*ASSIGNMENT*.
Return each line of the material below exactly. Begin at the first and end on the line with "Lobby or reception in Tru By Hilton Madison West Lobby".
------ EXTRACTED DATA
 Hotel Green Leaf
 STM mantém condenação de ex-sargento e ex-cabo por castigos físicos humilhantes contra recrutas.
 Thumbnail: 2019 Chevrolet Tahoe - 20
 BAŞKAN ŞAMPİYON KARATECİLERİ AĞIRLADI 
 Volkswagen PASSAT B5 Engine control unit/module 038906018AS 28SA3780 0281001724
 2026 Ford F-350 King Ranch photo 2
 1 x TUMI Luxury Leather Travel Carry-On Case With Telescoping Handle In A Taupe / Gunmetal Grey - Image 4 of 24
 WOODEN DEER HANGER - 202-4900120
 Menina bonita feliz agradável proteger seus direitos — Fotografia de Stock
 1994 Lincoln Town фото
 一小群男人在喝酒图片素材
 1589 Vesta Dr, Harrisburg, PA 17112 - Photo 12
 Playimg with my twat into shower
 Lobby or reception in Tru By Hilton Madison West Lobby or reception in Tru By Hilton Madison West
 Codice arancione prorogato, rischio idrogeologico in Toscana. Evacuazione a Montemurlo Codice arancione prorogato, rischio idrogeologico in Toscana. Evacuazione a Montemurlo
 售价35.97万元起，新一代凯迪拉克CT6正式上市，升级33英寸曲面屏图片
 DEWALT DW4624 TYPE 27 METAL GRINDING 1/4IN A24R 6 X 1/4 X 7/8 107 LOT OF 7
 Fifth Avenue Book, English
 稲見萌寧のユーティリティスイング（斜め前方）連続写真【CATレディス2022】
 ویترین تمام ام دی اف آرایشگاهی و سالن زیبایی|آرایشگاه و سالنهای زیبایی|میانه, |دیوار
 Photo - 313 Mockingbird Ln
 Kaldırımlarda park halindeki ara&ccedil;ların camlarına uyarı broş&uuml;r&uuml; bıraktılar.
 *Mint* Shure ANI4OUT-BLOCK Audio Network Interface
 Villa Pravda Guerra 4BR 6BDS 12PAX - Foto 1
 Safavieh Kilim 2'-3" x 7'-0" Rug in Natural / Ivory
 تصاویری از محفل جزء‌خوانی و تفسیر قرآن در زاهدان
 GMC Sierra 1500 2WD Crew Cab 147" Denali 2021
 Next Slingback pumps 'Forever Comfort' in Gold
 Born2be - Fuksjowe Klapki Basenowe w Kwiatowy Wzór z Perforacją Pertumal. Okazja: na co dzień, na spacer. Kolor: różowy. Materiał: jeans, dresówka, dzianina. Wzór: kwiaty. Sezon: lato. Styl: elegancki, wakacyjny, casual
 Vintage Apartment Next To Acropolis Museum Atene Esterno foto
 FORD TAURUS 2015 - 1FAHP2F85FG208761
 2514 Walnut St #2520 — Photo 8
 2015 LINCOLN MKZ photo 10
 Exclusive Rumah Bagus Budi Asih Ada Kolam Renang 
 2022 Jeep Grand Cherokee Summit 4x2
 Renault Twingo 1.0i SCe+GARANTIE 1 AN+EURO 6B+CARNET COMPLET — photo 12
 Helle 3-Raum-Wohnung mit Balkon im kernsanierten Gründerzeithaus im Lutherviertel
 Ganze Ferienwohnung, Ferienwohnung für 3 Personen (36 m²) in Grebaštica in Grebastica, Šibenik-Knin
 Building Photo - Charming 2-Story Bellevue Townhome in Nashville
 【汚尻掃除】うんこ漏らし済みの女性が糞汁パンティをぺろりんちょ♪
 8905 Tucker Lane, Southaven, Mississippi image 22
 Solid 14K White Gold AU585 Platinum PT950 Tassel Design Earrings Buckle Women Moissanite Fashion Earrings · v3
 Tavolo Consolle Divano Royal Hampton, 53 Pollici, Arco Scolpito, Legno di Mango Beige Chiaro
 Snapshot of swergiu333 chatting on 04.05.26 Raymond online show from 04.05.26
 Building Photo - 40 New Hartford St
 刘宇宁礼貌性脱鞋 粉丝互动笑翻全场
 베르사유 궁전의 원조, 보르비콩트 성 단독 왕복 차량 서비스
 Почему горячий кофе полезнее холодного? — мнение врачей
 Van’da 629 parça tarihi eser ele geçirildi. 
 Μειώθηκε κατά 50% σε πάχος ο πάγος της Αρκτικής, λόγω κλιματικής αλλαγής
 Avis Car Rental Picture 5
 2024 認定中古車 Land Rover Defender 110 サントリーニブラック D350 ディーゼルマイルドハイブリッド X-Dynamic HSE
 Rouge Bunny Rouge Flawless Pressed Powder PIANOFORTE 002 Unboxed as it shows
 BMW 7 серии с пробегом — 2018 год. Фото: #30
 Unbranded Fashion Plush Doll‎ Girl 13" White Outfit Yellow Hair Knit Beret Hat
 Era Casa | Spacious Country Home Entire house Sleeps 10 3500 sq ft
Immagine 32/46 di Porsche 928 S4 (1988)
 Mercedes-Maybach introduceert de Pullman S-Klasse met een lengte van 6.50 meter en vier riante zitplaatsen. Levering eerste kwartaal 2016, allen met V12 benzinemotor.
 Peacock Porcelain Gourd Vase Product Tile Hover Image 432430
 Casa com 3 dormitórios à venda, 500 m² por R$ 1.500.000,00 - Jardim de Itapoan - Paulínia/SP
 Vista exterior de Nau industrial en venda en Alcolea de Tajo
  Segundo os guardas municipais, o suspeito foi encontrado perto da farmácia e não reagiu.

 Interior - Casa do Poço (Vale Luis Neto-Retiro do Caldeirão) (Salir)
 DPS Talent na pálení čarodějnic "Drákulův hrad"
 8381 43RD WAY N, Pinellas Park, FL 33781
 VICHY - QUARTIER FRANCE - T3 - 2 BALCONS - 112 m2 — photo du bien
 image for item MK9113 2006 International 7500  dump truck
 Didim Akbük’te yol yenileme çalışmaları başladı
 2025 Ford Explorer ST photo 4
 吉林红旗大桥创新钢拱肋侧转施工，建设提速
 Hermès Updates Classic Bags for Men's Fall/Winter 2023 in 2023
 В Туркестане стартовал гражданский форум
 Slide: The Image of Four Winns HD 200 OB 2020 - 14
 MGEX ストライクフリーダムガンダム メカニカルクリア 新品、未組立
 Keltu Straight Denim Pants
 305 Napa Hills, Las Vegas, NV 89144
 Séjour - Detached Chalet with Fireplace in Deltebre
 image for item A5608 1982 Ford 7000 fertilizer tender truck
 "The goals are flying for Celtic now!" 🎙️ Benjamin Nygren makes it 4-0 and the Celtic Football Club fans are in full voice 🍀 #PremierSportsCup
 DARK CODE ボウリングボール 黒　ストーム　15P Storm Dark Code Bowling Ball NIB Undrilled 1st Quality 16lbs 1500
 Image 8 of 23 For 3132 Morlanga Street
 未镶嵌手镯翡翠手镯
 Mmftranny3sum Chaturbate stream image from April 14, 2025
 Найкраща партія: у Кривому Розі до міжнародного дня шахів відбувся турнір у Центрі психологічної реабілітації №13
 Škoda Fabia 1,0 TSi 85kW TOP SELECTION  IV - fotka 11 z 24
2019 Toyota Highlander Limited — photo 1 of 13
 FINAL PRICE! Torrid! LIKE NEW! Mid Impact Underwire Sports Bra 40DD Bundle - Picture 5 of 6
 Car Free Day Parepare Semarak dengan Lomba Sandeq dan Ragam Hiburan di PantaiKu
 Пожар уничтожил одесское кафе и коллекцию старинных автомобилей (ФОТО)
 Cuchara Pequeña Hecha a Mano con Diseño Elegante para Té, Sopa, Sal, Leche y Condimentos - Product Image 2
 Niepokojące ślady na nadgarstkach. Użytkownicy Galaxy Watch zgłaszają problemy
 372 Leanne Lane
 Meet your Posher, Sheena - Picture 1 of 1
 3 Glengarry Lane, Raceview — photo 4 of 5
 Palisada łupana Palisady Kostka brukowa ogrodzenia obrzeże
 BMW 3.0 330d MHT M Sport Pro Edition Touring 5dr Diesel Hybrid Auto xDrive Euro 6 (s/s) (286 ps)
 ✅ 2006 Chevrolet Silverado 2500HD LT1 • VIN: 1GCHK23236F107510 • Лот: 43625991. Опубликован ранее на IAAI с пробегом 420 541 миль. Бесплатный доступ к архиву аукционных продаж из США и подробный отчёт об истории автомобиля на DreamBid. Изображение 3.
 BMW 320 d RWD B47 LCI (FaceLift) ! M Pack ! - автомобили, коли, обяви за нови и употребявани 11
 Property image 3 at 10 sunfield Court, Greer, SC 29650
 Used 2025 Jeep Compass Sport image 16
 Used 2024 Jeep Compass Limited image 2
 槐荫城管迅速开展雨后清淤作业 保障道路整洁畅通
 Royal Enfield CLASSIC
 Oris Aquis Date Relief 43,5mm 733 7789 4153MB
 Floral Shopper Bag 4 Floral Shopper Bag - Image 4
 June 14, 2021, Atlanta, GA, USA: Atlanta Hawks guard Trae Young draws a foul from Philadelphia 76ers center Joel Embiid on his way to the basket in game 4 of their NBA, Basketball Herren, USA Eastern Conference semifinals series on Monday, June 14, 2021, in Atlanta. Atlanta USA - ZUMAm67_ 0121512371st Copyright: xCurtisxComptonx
------------
*ANSWER SECTION*.
 Hotel Green Leaf
 STM mantém condenação de ex-sargento e ex-cabo por castigos físicos humilhantes contra recrutas.
 Thumbnail: 2019 Chevrolet Tahoe - 20
 BAŞKAN ŞAMPİYON KARATECİLERİ AĞIRLADI 
 Volkswagen PASSAT B5 Engine control unit/module 038906018AS 28SA3780 0281001724
 2026 Ford F-350 King Ranch photo 2
 1 x TUMI Luxury Leather Travel Carry-On Case With Telescoping Handle In A Taupe / Gunmetal Grey - Image 4 of 24
 WOODEN DEER HANGER - 202-4900120
 Menina bonita feliz agradável proteger seus direitos — Fotografia de Stock
 1994 Lincoln Town фото
 一小群男人在喝酒图片素材
 1589 Vesta Dr, Harrisburg, PA 17112 - Photo 12
 Playimg with my twat into shower
 Lobby or reception in Tru By Hilton Madison West Lobby or reception in Tru By Hilton Madison West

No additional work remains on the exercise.